Wilson's Dollar Stores, Winthrop

Our shopping future may be in the wide aisles of Wal-Mart, but our past was in the narrow, cluttered aisles of local five and dimes.

When Alfred Senter announced that Senter’s Department Store in Brunswick would close after 83 years of providing Maine people with outstanding service, melancholy settled over me, swept in by my own memories of Wilson’s Dollar Stores, and buffeted by other names like Unobskey’s and Treworgy’s.

The local five-and-dime is dead, buried by the automobile and discount mart. We’ll drive to the new Augusta mall, passing empty stores in our own towns, cursing the lack of serve and congestion at the mall, forgetting our own role in the murder of Senter’s, Wilson’s, and other community retail stores.

I had a romance with retail from a very early age when I stared out in the business by counting inventory at Wilson’s, where my Dad worked his way up from clerk to part owner. Wilson’s was a five-and-dime with everything from shoes to hardware, candy, toys, and more. Wilson’s grew from a single store in Winthrop, founded by my namesake George “Squanto” Wilson, into a chain of stores from Lincoln to Norway, including Auburn, Hallowell, Gardiner, and Livermore Falls. I worked in all the stores at one time or another. It was an incredible education in what is now a by-gone era.

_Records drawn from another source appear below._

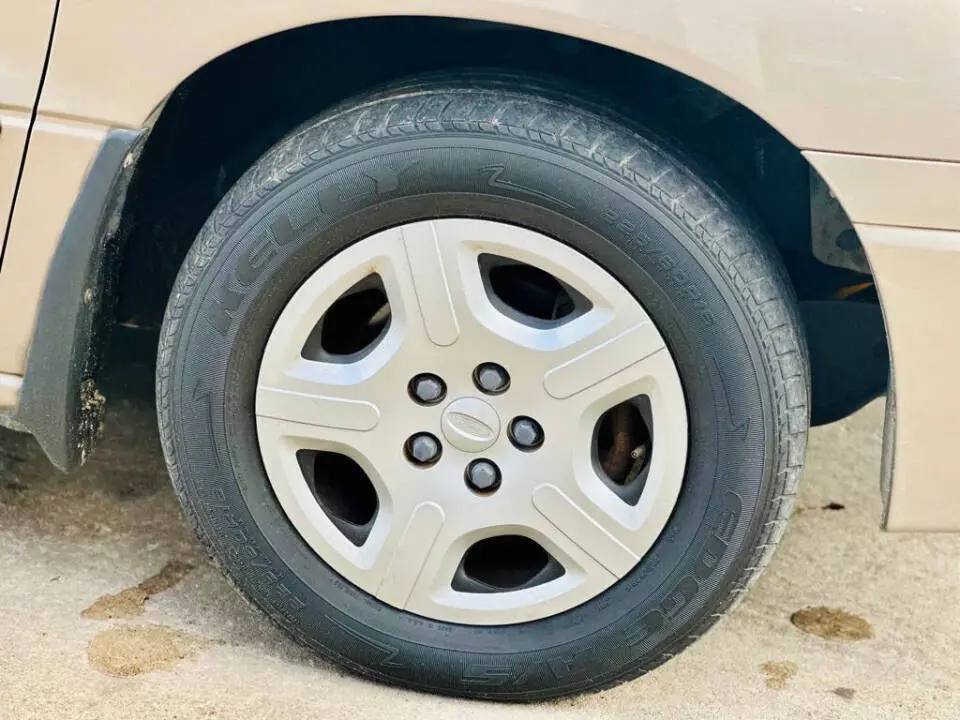 2006 Ford Freestar SE photo 4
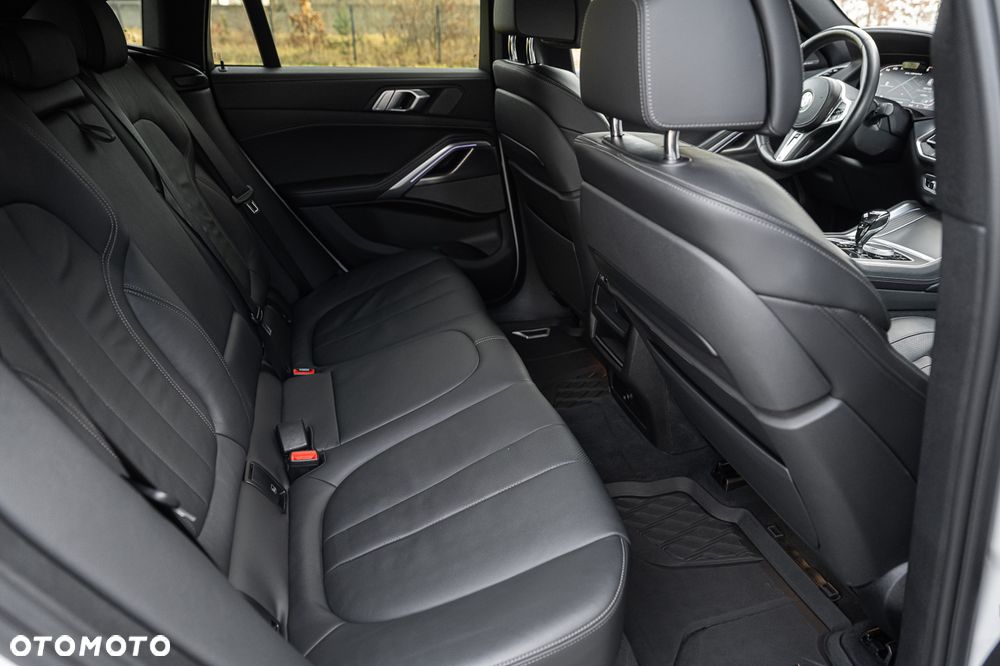 BMW X6M - 38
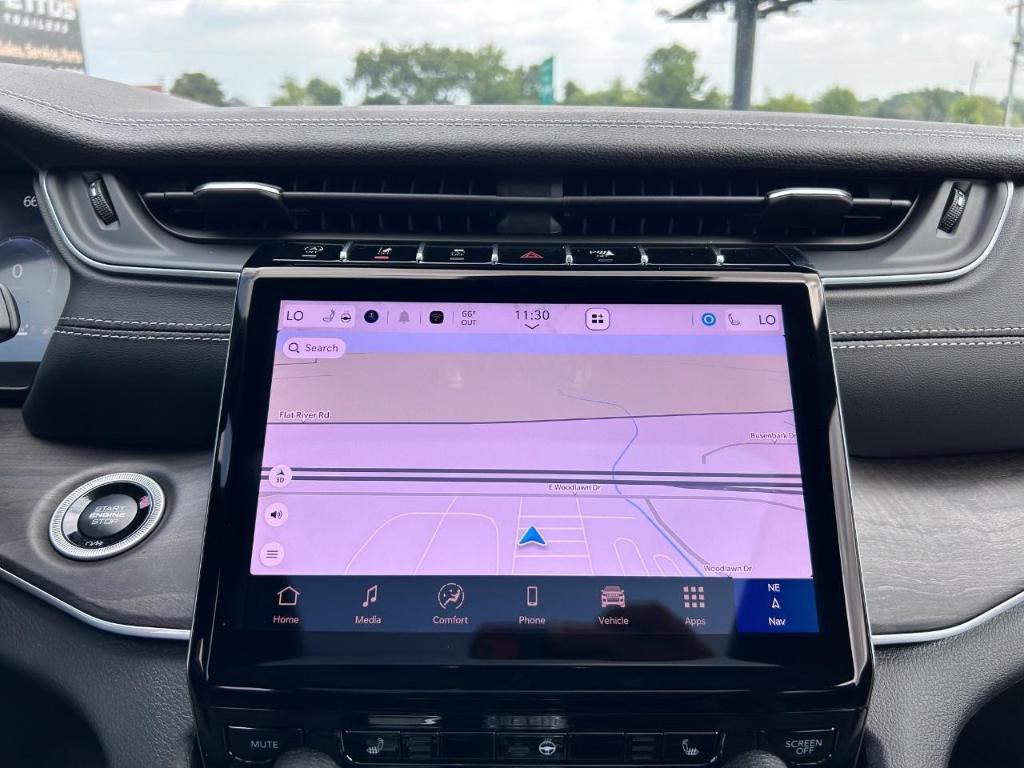 new 2025 Jeep Grand Cherokee car, priced at $35,745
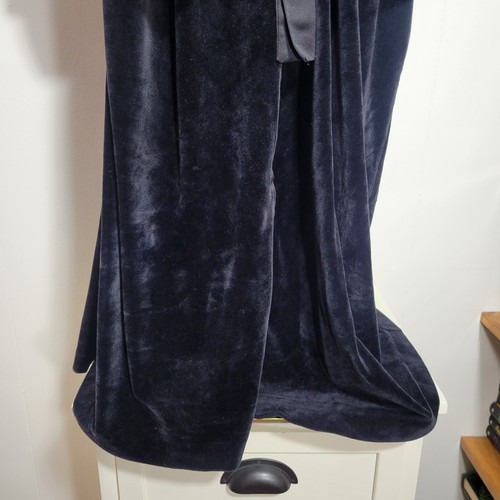 Jones New York Large / Extra Large Black Velvet Longsleeve Heavyweight Robe - Picture 4 of 12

The urban renewal project that left a hole where Wilson’s once stood on Winthrop’s Main Street left an even bigger hole in my heart. The bulldozers and building movers removed my boyhood home where I cooked peanuts, sorted work pants, stacked sneakers, swept floors, and checked out customers.

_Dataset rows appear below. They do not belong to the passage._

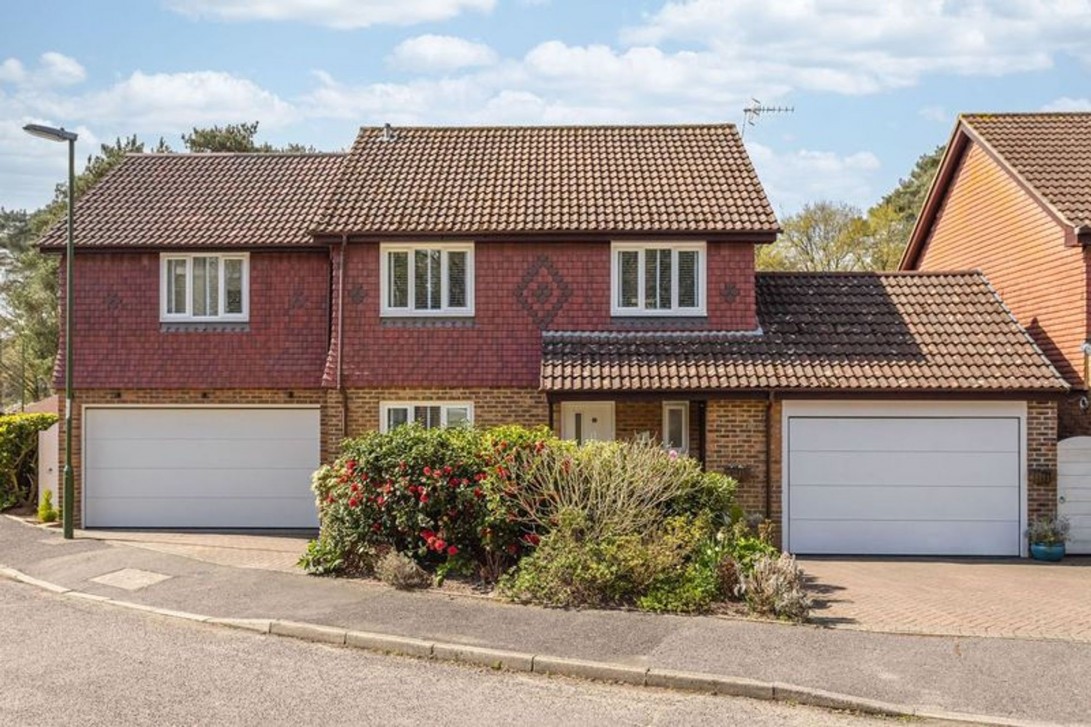 Photo of 21 Spring Gardens, Crawley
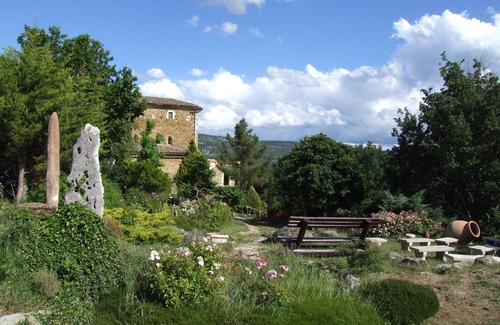 Simiane-la-Rotonde Cottage | GITE OF THE ABBEY OF VALSAINTES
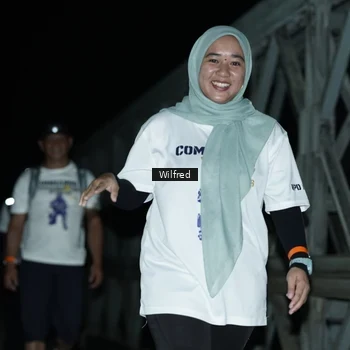 Runner Photo 7615986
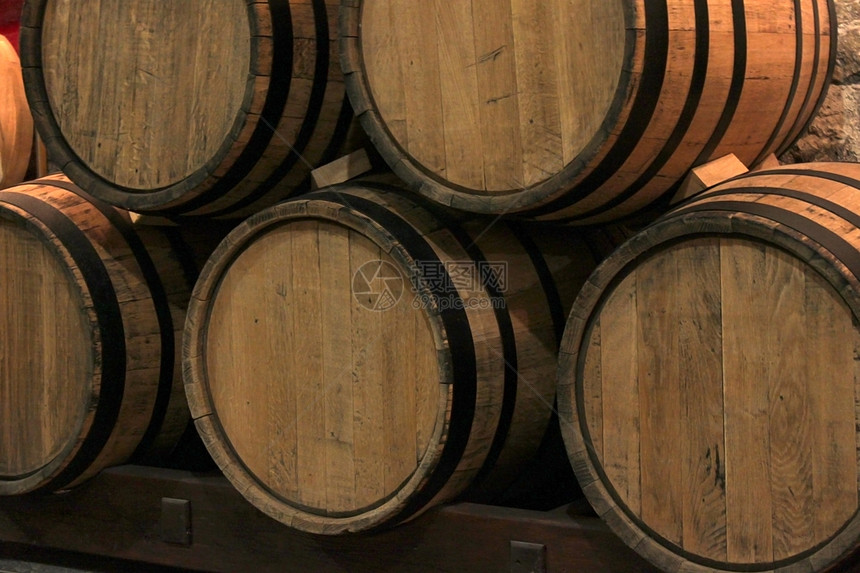 葡萄酒桶酒厂酿酒葡萄园酒味木头地窖栽培液体酒精图片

Oh, the smell of those hot roasted cashews drove this growing youngster crazy! I’m sure I ate up all the profit on those. But it is the customers I remember best.

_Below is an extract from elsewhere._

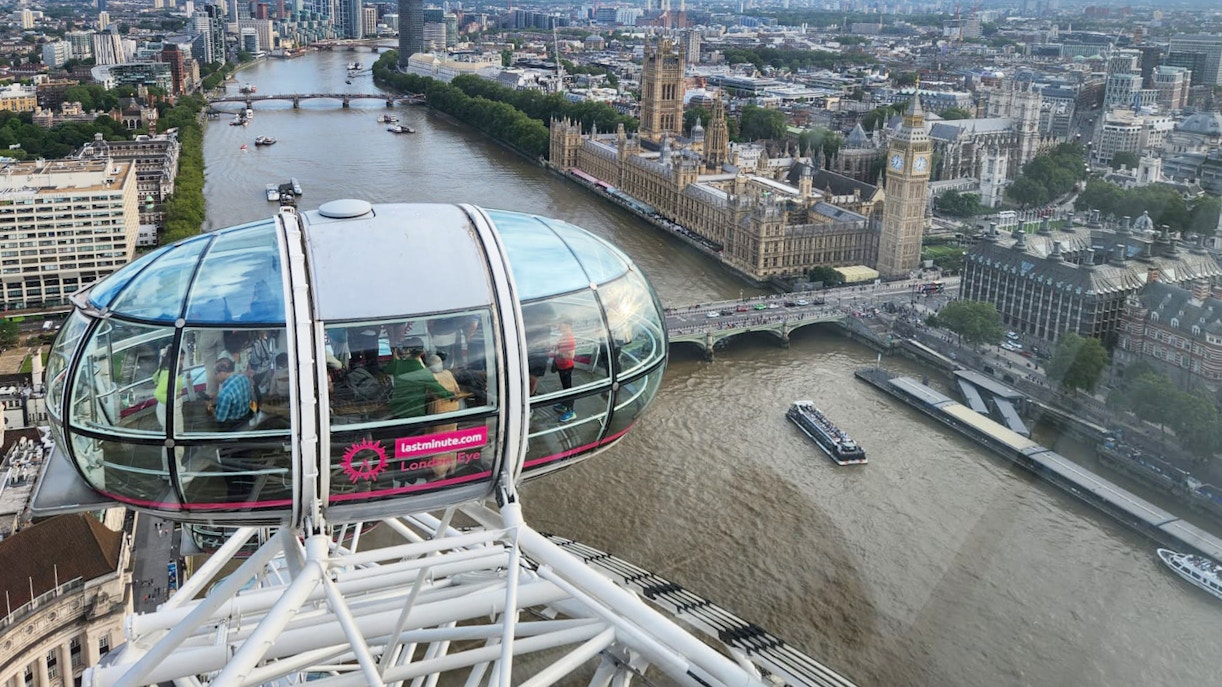 A Mesmerizing Spin: My Experience Riding the London Eye - Boarding the London Eye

This was the era when service was more than a slogan. We waited on customers, served them with a smile, and thanked them profusely when they made a purchase. The customer was always right. A lot of visiting went on at the cash register, and I developed a knack for ringing up sales while talking about last night’s basketball game.

I learned a lot about serving customers from Dad, who often rose from bed on Christmas Eve to respond to a frantic call from a father who had neglected to purchase gifts for his kids. Dad would trudge down to the store, open up, and wait on his customer. He never said it, but I always knew that he really did it for the kids.

People flocked to Wilson’s in Winthrop from Readfield, Mount Vernon, Wayne, Monmouth, and the far reaches of Kennebec County. I met people from every state in the Union during the summer months, including some rather famous folks, like pro golfer Bob Rosberg. I am still know hereabouts as Ezra Smith’s kid, by all those customers who knew Dad in the store and appreciated his cheery service.

As I got older, my store assignments grew in responsibility, but I never liked working in the warehouse, delivering goods in the truck, or laboring in other positions that took me away from the retail stores. That connection to the customer was the thing I enjoyed the most. I think about that today whenever I am in line at a big box check out. It is all so impersonal. The clerk doesn’t know me. The programmed response, "Thank you for shopping at …" just isn’t the same.

In these stores, I can’t find someone to wait on me, to save my soul. The peanuts are locked up in cans and the only smell is disinfectant. Everyone’s in a hurry, no more laughing, no more fun. I don’t think it's much fun to work in retail stores today. At least, the employees don’t look to me like they’re having the kind of fun I always had at Wilson's.

Mr. Senter lasted longer than most, and I’m sure he suffered when his store in Brunswick closed. But he could be proud of his store's long record and tradition of customer service.

I don’t know if Maine will have any small retail department stores left at the turn of the century. But I did notice, next to Senters' letter announcing the store's closure in the Kennebec Journal, was an ad for Reny's. The Reny family fights on. Good for them – and for us!